**GIVEN RECORDS:**
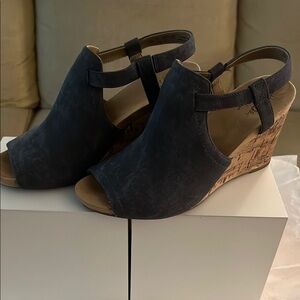 Life Stride Blue Wedge Slingback Sandals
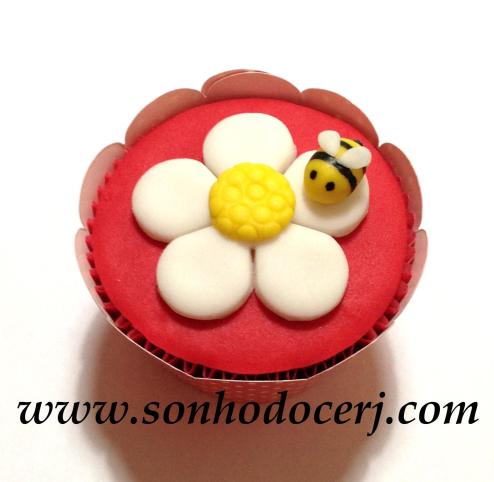 Cupcake Abelhinha na flor! (E)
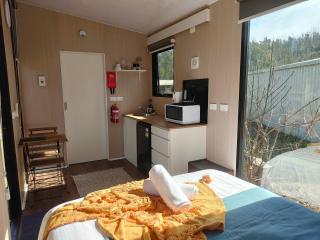Tiny Retreat by the River by Tiny Away - Buchan - 1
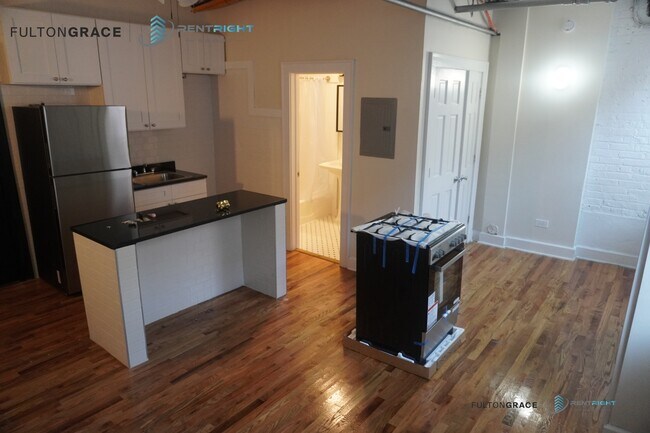 1712 W Albion Ave unit 1716-GDN E, Chicago, IL 60626 - photo 4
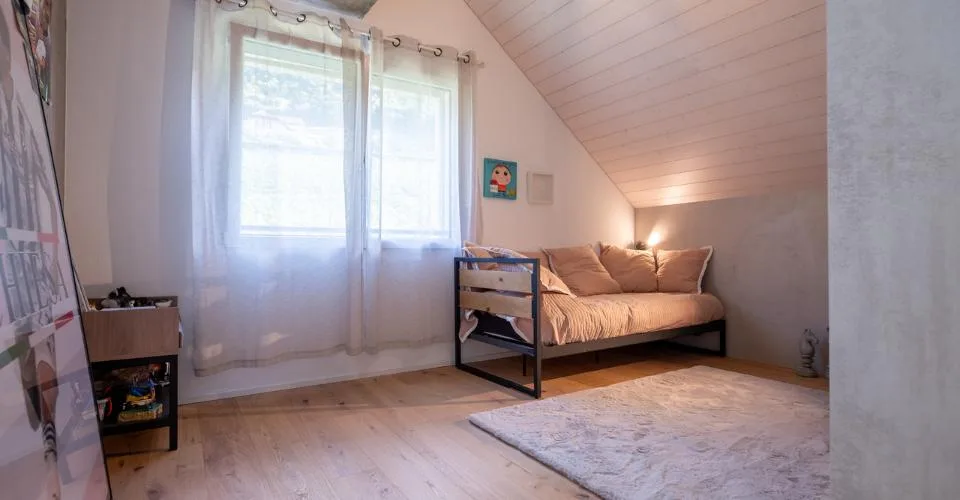 Attique d exception 5.5 pièces de 172 m2 + 50 m2 habitables en comble – Foto 4 von 13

**TASK STATEMENT:** Your task is to restate word for word the lines from the line holding "Cupcake Abelhinha na flor! (E)" through the final line of the listing, both included, but none of the pictures.

**PROBLEM SOLUTION:**
 Cupcake Abelhinha na flor! (E)
Tiny Retreat by the River by Tiny Away - Buchan - 1
 1712 W Albion Ave unit 1716-GDN E, Chicago, IL 60626 - photo 4
 Attique d exception 5.5 pièces de 172 m2 + 50 m2 habitables en comble – Foto 4 von 13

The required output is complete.